Troubleshooting

Running into an issue? Check the common problems and solutions below. Most issues can be resolved quickly with the right steps.

A 401 error means your API key is missing or invalid. To fix this:

  1. Make sure you’re including the x-api-key header in every API request
  2. Verify your API key is correct — copy it directly from Settings > API Keys
  3. If your key still doesn’t work, regenerate a new one in the Sync Studio

See the Authentication guide for full details on setting up your API key.

Generations typically complete in 30 to 120 seconds depending on video length and model. If your generation appears stuck:

  1. Use polling or webhooks to check the current status
  2. Wait at least 2 minutes before assuming something is wrong — longer videos take more time
  3. If a generation is still in PENDING after 5 minutes, contact support at support@sync.so

Avoid re-submitting the same job repeatedly, as this may increase queue times.

A 429 status code means you’ve exceeded your plan’s concurrency limits. To handle this:

  1. Implement exponential backoff — wait progressively longer between retries
  2. Check your plan’s concurrency limits on the Concurrency & Rate Limits page
  3. Consider upgrading your plan for higher concurrency limits
  4. For large workloads, use the Batch API to queue multiple jobs efficiently

Output quality depends heavily on your input video, audio, and model choice. For best results, ensure the speaker’s face is front-facing, well-lit, and occupies a reasonable portion of the frame at a minimum of 480p resolution. Avoid obstructions like hands, microphones, or hair covering the mouth area. Use clean audio without background music or overlapping speakers, as noise degrades lip-to-audio alignment. For model selection, lipsync-2 handles the majority of videos well and preserves natural speaking style, while lipsync-2-pro uses diffusion-based super resolution for the best results with beards, teeth, and fine facial detail. For longer videos, audio-video duration mismatches can cause drift — use the sync_mode parameter (e.g., cut_off, bounce, or remap) to control how mismatches are handled.

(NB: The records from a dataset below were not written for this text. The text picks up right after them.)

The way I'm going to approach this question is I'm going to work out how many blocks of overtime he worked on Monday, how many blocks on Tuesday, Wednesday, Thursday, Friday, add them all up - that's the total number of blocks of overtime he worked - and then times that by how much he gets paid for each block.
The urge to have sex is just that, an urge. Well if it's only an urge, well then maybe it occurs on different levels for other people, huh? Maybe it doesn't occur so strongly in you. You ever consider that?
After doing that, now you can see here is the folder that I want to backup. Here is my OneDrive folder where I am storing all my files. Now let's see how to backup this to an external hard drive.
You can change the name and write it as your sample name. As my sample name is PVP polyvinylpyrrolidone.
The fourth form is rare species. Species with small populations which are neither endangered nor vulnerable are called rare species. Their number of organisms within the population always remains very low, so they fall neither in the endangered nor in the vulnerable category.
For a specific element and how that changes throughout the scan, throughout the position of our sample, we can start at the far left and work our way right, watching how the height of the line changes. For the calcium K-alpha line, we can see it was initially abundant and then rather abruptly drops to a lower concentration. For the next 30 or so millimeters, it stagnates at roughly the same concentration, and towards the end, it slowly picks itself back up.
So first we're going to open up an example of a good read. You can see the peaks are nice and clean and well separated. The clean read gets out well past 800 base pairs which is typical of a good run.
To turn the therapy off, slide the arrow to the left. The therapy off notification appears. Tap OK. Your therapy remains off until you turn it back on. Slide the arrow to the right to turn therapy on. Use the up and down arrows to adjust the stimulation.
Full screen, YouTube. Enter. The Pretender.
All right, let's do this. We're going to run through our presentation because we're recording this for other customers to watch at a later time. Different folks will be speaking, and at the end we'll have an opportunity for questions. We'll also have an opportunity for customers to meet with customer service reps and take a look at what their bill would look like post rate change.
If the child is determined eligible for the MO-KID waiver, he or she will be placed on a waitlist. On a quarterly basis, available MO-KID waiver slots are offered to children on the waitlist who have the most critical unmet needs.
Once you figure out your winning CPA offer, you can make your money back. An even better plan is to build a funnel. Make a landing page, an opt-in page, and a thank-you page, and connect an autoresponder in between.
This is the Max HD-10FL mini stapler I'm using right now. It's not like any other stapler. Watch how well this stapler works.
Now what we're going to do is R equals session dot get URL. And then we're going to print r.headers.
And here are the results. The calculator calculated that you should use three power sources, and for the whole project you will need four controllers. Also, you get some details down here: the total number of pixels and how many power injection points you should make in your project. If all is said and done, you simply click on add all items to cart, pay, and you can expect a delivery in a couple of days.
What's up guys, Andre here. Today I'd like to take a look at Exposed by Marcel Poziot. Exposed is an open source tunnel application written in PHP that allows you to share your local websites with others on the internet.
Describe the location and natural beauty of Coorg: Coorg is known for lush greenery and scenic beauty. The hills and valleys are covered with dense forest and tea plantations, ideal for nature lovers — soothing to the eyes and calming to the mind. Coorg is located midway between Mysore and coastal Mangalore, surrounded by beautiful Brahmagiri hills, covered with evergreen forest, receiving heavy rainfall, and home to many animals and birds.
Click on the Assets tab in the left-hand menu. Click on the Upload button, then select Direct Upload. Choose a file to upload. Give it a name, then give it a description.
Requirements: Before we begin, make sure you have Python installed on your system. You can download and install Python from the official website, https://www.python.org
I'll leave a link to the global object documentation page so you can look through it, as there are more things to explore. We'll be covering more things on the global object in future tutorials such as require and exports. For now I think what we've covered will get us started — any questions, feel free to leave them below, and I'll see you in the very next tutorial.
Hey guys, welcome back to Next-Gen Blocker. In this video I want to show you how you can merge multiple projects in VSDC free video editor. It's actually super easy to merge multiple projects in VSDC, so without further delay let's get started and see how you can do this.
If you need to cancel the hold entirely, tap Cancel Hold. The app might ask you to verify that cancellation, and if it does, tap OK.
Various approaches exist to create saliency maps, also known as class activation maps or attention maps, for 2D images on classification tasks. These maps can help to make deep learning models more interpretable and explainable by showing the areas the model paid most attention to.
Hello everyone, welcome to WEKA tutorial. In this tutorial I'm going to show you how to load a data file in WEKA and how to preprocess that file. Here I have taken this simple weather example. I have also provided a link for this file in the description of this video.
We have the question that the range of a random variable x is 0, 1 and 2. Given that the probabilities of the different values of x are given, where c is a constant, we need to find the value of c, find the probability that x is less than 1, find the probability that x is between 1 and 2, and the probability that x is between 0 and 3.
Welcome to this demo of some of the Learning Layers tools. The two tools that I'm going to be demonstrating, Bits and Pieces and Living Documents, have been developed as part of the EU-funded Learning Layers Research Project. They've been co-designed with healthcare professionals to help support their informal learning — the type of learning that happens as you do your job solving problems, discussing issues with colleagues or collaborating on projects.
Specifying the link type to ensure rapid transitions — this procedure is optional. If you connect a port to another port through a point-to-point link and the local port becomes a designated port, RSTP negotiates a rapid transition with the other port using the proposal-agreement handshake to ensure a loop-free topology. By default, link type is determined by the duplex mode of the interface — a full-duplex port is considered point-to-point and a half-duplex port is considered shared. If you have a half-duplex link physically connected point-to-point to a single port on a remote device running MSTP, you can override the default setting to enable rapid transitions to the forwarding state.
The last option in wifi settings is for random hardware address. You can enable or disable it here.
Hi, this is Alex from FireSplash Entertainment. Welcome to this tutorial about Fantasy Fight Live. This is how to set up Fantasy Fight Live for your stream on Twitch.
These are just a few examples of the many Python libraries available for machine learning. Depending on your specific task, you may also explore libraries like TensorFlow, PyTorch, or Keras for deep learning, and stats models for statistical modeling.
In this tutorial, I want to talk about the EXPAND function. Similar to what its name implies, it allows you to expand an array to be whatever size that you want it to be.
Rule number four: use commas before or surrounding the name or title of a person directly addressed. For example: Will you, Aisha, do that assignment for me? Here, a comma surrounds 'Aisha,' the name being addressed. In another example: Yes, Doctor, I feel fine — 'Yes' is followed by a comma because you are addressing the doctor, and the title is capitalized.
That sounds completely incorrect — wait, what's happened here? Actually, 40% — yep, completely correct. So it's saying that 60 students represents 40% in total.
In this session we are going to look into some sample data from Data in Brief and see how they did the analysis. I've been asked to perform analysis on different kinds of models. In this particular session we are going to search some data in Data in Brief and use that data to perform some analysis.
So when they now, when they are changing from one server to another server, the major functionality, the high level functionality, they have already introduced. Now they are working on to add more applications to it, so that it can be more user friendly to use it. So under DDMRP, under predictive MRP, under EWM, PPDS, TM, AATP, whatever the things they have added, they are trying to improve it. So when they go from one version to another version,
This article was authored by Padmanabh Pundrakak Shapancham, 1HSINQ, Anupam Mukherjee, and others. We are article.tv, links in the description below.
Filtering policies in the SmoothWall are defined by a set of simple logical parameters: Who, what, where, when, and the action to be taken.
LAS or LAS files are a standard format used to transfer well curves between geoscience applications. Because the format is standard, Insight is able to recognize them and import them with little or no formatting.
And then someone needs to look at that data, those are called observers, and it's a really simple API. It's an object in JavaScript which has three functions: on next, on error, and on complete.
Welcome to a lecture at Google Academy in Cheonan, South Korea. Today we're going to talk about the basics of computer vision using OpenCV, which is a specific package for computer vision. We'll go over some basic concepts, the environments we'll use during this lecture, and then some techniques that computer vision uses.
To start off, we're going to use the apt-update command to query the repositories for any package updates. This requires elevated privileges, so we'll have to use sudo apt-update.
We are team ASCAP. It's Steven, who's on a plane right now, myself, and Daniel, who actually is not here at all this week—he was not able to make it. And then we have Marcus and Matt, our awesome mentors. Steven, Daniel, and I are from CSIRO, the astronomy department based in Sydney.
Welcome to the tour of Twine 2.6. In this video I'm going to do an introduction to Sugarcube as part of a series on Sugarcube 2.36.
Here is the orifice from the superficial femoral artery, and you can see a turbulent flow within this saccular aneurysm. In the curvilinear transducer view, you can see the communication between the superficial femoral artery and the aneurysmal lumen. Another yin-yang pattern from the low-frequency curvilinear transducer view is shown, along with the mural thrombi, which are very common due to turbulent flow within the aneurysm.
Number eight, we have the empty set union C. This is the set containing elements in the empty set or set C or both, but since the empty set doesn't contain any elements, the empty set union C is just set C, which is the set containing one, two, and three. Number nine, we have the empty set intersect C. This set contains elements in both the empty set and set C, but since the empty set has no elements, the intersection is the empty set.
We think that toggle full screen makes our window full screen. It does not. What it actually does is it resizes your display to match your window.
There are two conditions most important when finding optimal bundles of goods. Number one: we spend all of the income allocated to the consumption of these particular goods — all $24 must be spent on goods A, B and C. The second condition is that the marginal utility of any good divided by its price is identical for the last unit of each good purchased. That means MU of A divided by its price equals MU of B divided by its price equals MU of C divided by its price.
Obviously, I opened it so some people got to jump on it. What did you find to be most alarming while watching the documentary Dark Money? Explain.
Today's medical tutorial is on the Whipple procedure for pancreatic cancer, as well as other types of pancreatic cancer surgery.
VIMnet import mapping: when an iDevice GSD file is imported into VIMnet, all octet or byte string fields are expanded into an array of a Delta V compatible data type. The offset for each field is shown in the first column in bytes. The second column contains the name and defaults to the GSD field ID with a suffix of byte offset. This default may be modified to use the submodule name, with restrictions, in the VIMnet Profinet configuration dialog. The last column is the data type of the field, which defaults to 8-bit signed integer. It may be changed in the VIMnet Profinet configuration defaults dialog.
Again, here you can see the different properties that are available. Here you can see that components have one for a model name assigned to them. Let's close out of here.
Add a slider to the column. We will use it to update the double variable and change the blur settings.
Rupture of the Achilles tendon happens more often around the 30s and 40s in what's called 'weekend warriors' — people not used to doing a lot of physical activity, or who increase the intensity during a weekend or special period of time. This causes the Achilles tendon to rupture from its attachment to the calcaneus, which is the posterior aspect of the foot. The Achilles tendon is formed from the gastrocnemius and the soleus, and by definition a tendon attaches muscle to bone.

See Media Content Tips for detailed guidance on input quality.

Sync supports a wide range of video and audio formats. If your file isn’t accepted:

  1. Check the Media Formats Support page for the full list of supported formats
  2. Convert your file using FFmpeg:
    $# Convert video to MP4
    $ffmpeg -i input.avi -c:v libx264 -c:a aac output.mp4
    $
    $# Convert audio to WAV
    $ffmpeg -i input.ogg -ar 16000 output.wav

If your webhook endpoint isn’t getting called:

  1. HTTPS required — Your endpoint must be a publicly accessible HTTPS URL
  2. Check firewall rules — Make sure incoming POST requests from Sync’s servers aren’t blocked
  3. Verify the URL — Double-check the webhook URL you passed in your API call
  4. Test locally — Use a tool like ngrok to expose a local server for testing
  5. Check response codes — Your endpoint must return a 2xx status code to acknowledge receipt

If you’re having trouble installing the Python SDK:

  1. Check your Python version — The SDK requires Python 3.8 or higher
    $python --version
  2. Upgrade the package — Try reinstalling with the latest version:
    $pip install --upgrade syncsdk
  3. Use a virtual environment — Avoid conflicts with other packages:
    $python -m venv .venv
    $source .venv/bin/activate
    $pip install syncsdk

See the Python SDK Guide for full setup instructions.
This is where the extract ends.